■ What you have to do ■
An exact reproduction of the records is required, with all pictures omitted.

■ Provided data ■
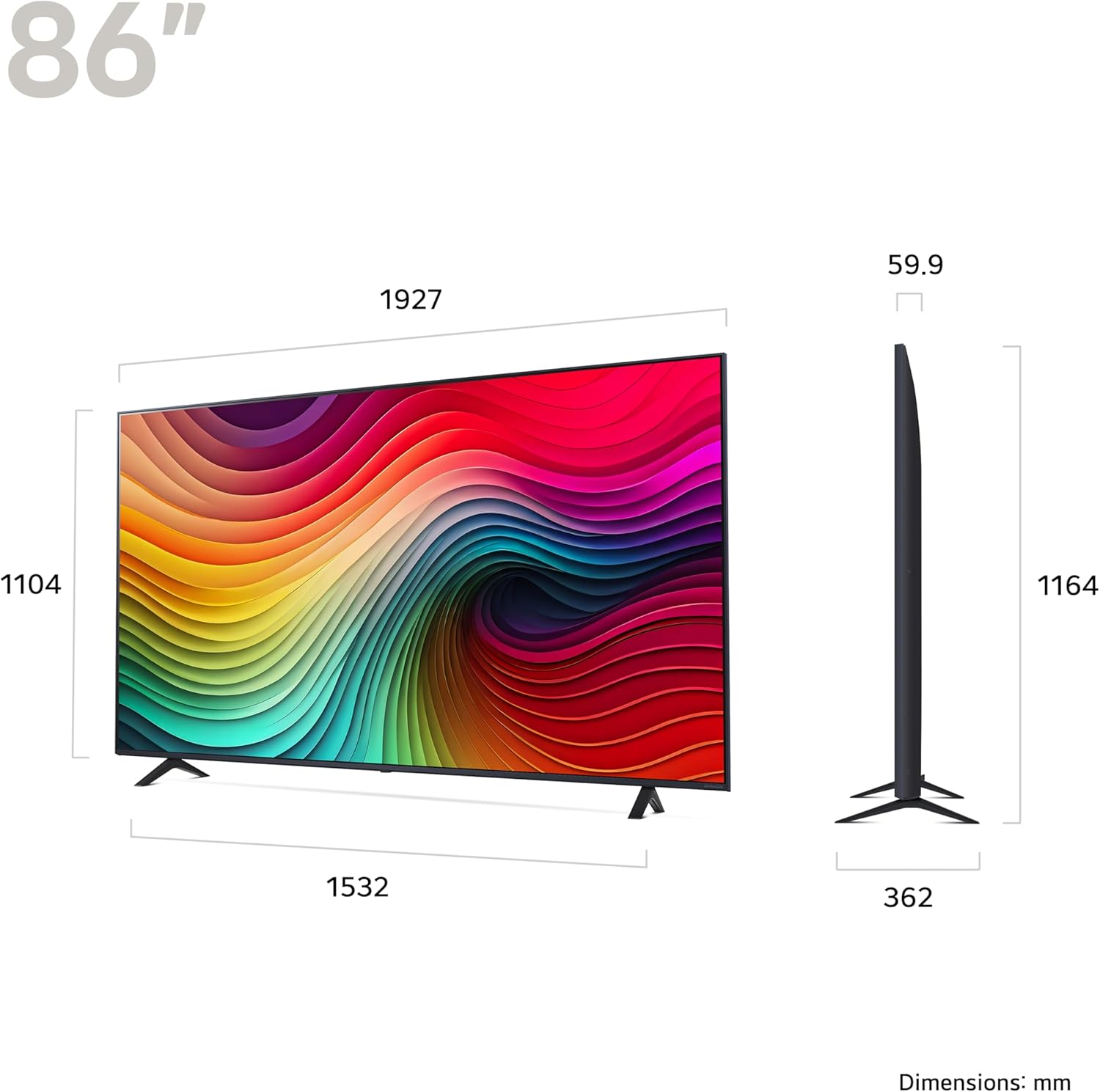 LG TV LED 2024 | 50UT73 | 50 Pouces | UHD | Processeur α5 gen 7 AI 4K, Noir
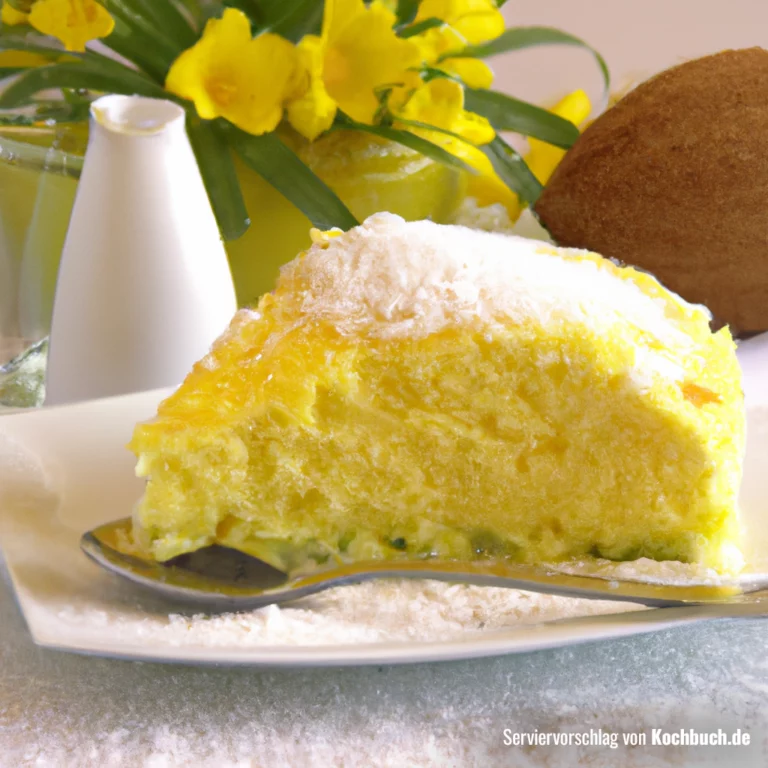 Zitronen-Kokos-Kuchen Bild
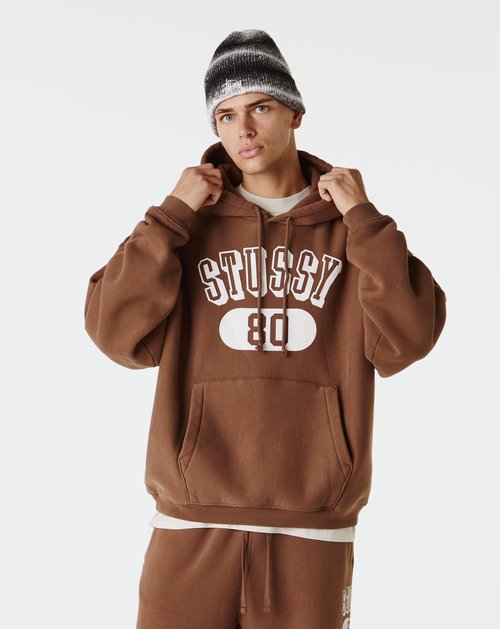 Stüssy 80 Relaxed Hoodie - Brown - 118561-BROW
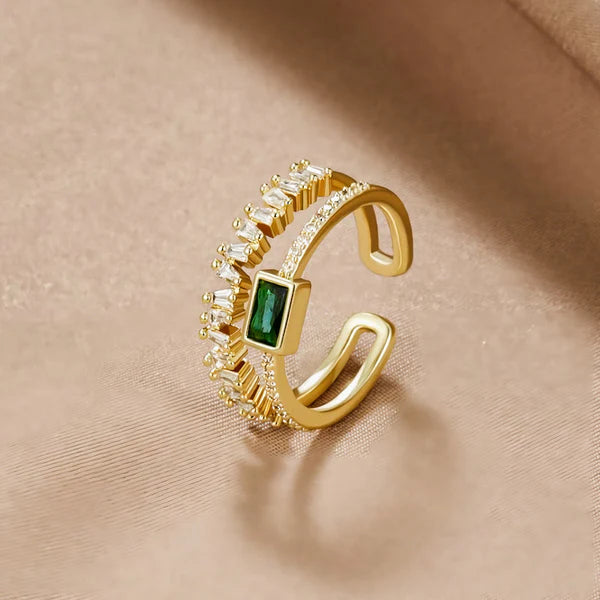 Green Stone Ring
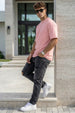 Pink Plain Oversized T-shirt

■ Result below ■
 LG TV LED 2024 | 50UT73 | 50 Pouces | UHD | Processeur α5 gen 7 AI 4K, Noir
 Zitronen-Kokos-Kuchen Bild
 Stüssy 80 Relaxed Hoodie - Brown - 118561-BROW
 Green Stone Ring
 Pink Plain Oversized T-shirt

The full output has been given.